What happened to me in November was vastly different, and I do not intend to equate the two events. Like Sutherland, I was attacked on a Saturday afternoon on the D.C. Metro. And as in Sutherland’s case, despite my screams and pleas, almost none of my fellow passengers on the crowded train car did anything to help.

I was in a window seat on the Blue Line, en route to meet friends for dinner. One teenage girl sat down next to a man in front of me; another sat beside me. They began by asking what kind of phone I had. The girl next to me patted down my pockets and, finding nothing, grabbed my coffee mug out of my hands. The girl in front put her finger in my face, getting as close as she could without touching me. They grabbed my legs. They threatened to rape me until I bled. One opened the other’s coat jacket, feigning—or not—that she had a weapon.

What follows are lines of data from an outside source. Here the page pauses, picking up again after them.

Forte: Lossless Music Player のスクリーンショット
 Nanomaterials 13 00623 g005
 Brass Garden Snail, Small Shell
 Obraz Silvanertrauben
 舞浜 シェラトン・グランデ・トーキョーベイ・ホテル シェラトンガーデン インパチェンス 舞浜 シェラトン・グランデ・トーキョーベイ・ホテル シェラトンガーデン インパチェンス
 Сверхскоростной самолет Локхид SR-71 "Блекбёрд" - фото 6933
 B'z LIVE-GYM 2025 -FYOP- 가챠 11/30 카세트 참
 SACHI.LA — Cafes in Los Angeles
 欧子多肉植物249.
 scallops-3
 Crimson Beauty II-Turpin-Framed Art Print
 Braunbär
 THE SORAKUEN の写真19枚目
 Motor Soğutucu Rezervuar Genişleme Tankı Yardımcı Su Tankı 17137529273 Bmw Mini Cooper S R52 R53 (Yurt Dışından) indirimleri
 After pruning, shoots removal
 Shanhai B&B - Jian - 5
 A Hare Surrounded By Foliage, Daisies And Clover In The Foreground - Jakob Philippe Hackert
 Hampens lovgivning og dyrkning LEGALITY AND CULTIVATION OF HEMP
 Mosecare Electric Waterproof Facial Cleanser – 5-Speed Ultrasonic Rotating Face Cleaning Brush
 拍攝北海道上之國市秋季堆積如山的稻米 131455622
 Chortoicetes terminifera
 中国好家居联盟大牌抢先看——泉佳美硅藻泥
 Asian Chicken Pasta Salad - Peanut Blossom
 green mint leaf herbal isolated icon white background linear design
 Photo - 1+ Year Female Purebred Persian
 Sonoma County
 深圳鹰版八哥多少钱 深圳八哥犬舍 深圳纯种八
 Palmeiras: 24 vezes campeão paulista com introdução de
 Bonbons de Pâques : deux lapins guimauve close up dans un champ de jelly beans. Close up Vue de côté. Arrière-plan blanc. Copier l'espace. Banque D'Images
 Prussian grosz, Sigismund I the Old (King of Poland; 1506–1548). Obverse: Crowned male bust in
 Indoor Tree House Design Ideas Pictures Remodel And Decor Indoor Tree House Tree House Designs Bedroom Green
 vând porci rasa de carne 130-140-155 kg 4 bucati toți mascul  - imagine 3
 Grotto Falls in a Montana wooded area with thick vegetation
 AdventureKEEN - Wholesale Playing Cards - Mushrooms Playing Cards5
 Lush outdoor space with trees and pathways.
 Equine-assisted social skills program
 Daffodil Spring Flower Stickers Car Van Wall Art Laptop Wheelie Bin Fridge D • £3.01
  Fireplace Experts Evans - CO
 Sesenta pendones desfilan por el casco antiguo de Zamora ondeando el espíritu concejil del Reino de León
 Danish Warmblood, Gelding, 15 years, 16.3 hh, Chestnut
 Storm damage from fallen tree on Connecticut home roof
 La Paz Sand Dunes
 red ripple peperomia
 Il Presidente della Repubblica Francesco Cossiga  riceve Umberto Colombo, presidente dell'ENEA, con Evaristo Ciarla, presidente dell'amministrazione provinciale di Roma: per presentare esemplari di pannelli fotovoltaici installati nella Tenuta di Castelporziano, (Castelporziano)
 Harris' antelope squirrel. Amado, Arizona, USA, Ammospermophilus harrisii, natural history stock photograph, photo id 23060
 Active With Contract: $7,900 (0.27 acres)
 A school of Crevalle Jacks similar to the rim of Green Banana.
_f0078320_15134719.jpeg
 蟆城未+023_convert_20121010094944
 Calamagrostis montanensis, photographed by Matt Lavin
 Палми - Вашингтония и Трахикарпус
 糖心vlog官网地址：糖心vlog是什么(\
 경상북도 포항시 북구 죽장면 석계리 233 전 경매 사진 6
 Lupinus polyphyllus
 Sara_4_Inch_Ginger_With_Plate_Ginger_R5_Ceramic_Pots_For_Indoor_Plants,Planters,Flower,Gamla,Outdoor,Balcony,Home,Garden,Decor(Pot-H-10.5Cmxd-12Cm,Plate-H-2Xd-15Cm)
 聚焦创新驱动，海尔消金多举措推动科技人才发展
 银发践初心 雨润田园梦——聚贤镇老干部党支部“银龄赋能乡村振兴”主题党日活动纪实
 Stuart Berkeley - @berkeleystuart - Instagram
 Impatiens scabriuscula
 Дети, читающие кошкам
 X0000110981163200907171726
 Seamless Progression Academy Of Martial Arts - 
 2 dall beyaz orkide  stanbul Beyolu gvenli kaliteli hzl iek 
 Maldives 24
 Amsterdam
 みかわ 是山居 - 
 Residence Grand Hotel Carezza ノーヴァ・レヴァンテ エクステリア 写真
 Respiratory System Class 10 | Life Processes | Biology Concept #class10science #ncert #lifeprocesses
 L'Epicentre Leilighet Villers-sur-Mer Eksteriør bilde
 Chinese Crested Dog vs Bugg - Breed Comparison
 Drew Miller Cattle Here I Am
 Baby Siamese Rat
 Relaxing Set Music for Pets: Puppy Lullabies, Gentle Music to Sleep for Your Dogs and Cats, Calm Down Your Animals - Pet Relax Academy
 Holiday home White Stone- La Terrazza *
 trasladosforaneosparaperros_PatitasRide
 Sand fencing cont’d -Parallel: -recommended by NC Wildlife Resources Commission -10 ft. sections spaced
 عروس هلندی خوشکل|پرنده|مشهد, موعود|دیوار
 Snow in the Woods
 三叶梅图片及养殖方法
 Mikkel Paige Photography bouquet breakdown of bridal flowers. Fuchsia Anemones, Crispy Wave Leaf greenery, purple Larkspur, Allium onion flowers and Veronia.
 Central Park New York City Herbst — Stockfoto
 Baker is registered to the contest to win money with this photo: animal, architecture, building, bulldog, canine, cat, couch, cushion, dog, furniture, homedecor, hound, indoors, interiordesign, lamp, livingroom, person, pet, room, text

After the incident, I felt angry at all the people on the crowded train car—there must have been 30 adults—who did nothing. When I screamed, no one tried to intervene. They didn’t hit the emergency call button. They didn’t even acknowledge that anything was happening. They just averted their eyes and let it continue.

The problem is not,  as the commenter and the perpetually befuddled Petula Dvorak of the Washington Post allege, one of people knowing what they should do and being afraid to do it for fear of injury (this is understandable, the technical term for this impulse is “cowardice”). The issue is a society that has become so self-absorbed that they can stand idly by and watch a young man stabbed and beaten or a young woman mugged, not intervene, and walk away completely self-justified in their actions.